Enquanto isso, Drummond invade a Estrada Real

Saímos de Córregos, uma beleza de distrito, e chegaríamos a Conceição do Mato Dentro nesse trajeto que propomos percorrer até Paraty, no Rio de Janeiro, ou melhor, até Lisboa, em Portugal. Mas tivemos que nos desviar em direção a Dom Joaquim, alcançar a BR-120 e partir no rumo da volta a Itabira. Fomos intimados ou convocados por um ilustre e culto zelador do caminho e deste sítio cultural, de nome Gustavo, de família vinda dos Charneca de Portugal, a reverenciar o poeta itabirano Carlos Drummond de Andrade.

O motivo é sustentado por dois fatores: seu aniversário de nascimento, que ocorre neste 31 de outubro, e a explicação de como mostrar cada detalhe dos lugares nos quais nasceram, cresceram e progrediram, também às custas da movimentação, de hospedagens e alimentação na longa viagem de Diamantina ao Porto de Paraty, as populações hoje transformadas em atrativos.

Carlos Drummond de Andrade completaria 113 anos na data do registro de nossa viagem. Assim como as atrações diamantinenses, que mostram Chica da Silva e Juscelino Kubitschek para o mundo; Serro do Frio, que abrigou muito o pessoal ligado à Família Real; os pequenos distritos que revelam as obras do Barroco de Minas Gerais, além do que veremos daqui para a frente. O personagem se constitui como principal atração itabirana, também incrustada na Estrada Real, seja pelos seus distritos ou pela influência de outras atrações voltadas para o tropeirismo. E o que hoje contribui Drummond, mesmo 28 anos depois de morto? A ele podemos anexar senão os poemas, pelo menos algumas frases que o marcaram, dentro ou fora de seus versos. E uma vida.

“Cada um de nós tem seu pedaço no pico do Cauê ” — na estrofe se aguça a história recente de Itabira, cujo vértice e bojo contribuíram para uma nova era econômica. Na história da economia se mistura o amor, objeto sempre colocado na sabatina para se discutir a relação de Drummond com a sua terra natal. Para quem quer compreender esse real sentido, basta reler isto: “Alguns anos vivi em Itabira. Principalmente, nasci em Itabira”. Não seria honroso repetir a declaração para o mundo?

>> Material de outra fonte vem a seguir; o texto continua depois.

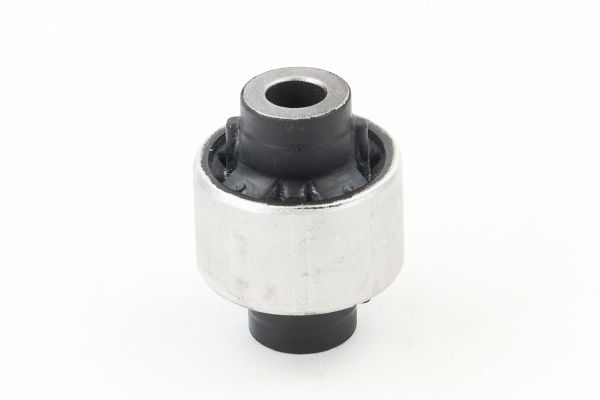 CONTINENTAL CTAM SUB1024 Lagerung, Lenker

Quem pesquisar CDA vai notar como ele é dedicado e devoto à palavra Amor.  Em “Cem-razões do amor”, ele pintou e bordou: “Eu te amo porque te amo, não precisas ser amante, e nem sempre sabes sê-lo. Eu te amo porque te amo. Amor é estado de graça e com amor não se paga”. Mesmo assim, ele se torna polêmico para alguns desconfiados que tentaram e não conseguiram entender a tal fotografia na parede, ou melhor, a frase final de sua confidência: “Mas como dói!” Dói mesmo querer decifrar um poema completo. Por si só um poema tem que ser inexplicável. Ou não é um poema.

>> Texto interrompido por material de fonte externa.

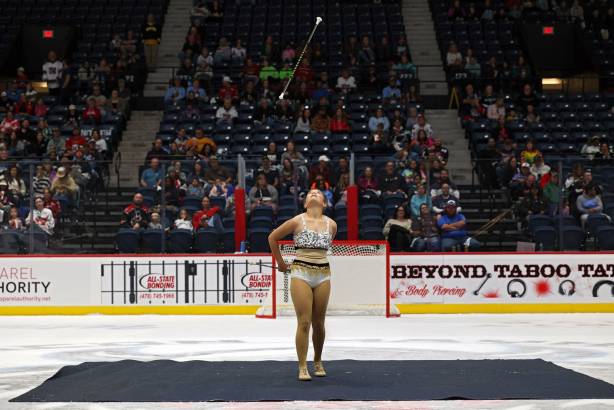 Macon Mayhem_241019_IMG_2623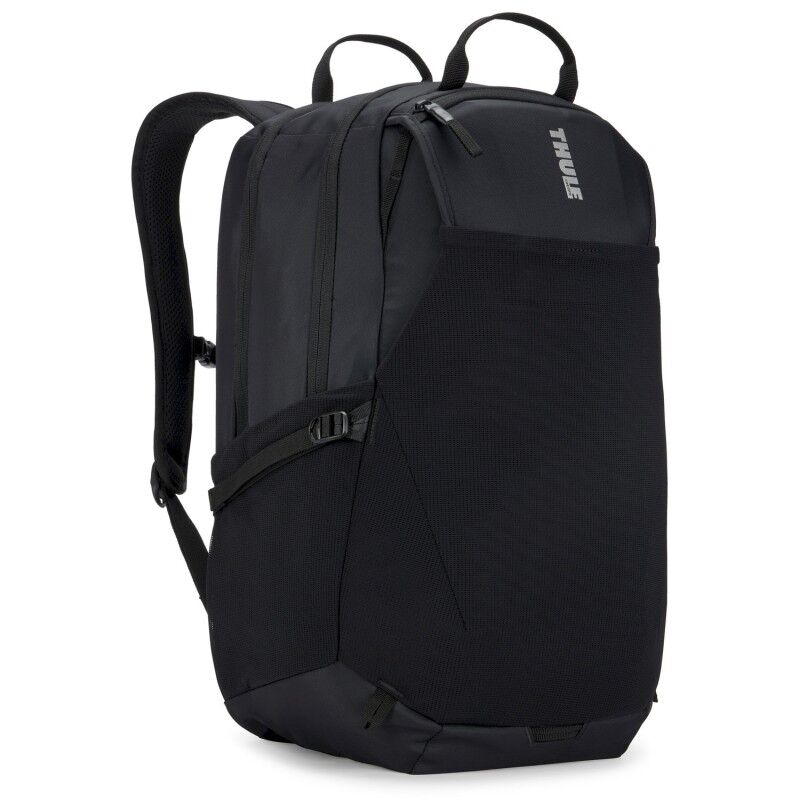 EnRoute Backpack 26L - Sac à dos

O viajante da Estrada Real pode anotar frases que valem a pena ser comidas, bebidas, engolidas diretamente da fonte dos Caminhos Drummondianos, um museu territorial a céu aberto exclusivamente itabirano. Em cada ponto de sua passagem ou marco de uma reflexão reluz um poema, atravessando a cidade de ponta a ponta. Além dos caminhos, há pistas que levam as pessoas, seja quem for, a refletir. Por exemplo, sempre propagaram a fama de “corre” muito dinheiro. Revejam um tópico interessante de nosso herói: “O cofre do banco contém apenas dinheiro. Frustrar-se-á quem pensar que nele encontrará riqueza”.

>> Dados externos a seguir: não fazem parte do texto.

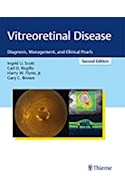 Papel Vitreoretinal Disease: Diagnosis, Management, And Clinical Pearls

Para conter a fúria dos loucos por dinheiro, Drummond escreveu também sobre a ambição. “Necessitamos sempre de ambicionar alguma coisa que, alcançada, não nos torna sem ambição”. Mas talvez seja, de novo, o amor, seu prato predileto. “Quando encontrar alguém e esse alguém fizer seu coração parar de funcionar por alguns segundos, preste atenção: pode ser a pessoa mais importante da sua vida”. Então, não seria melhor seguir seu conselho? Ou prezar a amizade, por que não? E ele receita: “A amizade é um meio de nos isolar da humanidade cultivando algumas pessoas”. Ou “Como as plantas a amizade não deve ser muito nem pouco regada”.

É extenso o caminho de pesquisa que o amante das letras encontrará em Drummond e, quem sabe, em Itabira. Ele, esse intelectual, o incluiria como um eterno, talvez definido pela sua própria pena castiça: “Eterno, é tudo aquilo que dura uma fração de segundos, mas com tamanha intensidade, que se petrifica, e nenhuma força jamais o resgata”. Mesmo divagando sobre suas palavras, como disse, cabe em si, por que não recorrer à “Memória?”, um de seus poemas que termina assim: “Mas as coisas findas muito mais que lindas, essas ficarão”. Contudo, não é preciso se prender sequer a algum conselheiro, mesmo os melhores. Siga Drummond, caso queira: “Há certo gosto em pensar sozinho. É ato individual, como nascer e morrer”.

Se quer saber mais sobre Drummond, a minha contribuição é esta: infinito, indevassável, unitário, puro, com sensibilidade jamais alcançada. Tão completo no amor que sempre o imaginei concordando com Nelson Rodrigues, de seu tempo: “O amor é eterno; se acaba, não era amor”. Ele mesmo escreveu: “Tenho apenas duas mãos e o sentimento do mundo”. E como admiro muito quem sabe viver a vida, não deixaria de ir ao socorro de mais palavras drummondianas: “Ser feliz sem motivo é a mais autêntica forma de felicidade”. Gostou? Não? Prefere ser masoquista? Não acredito! Então, falemos que “A dor é inevitável. O sofrimento é opcional…”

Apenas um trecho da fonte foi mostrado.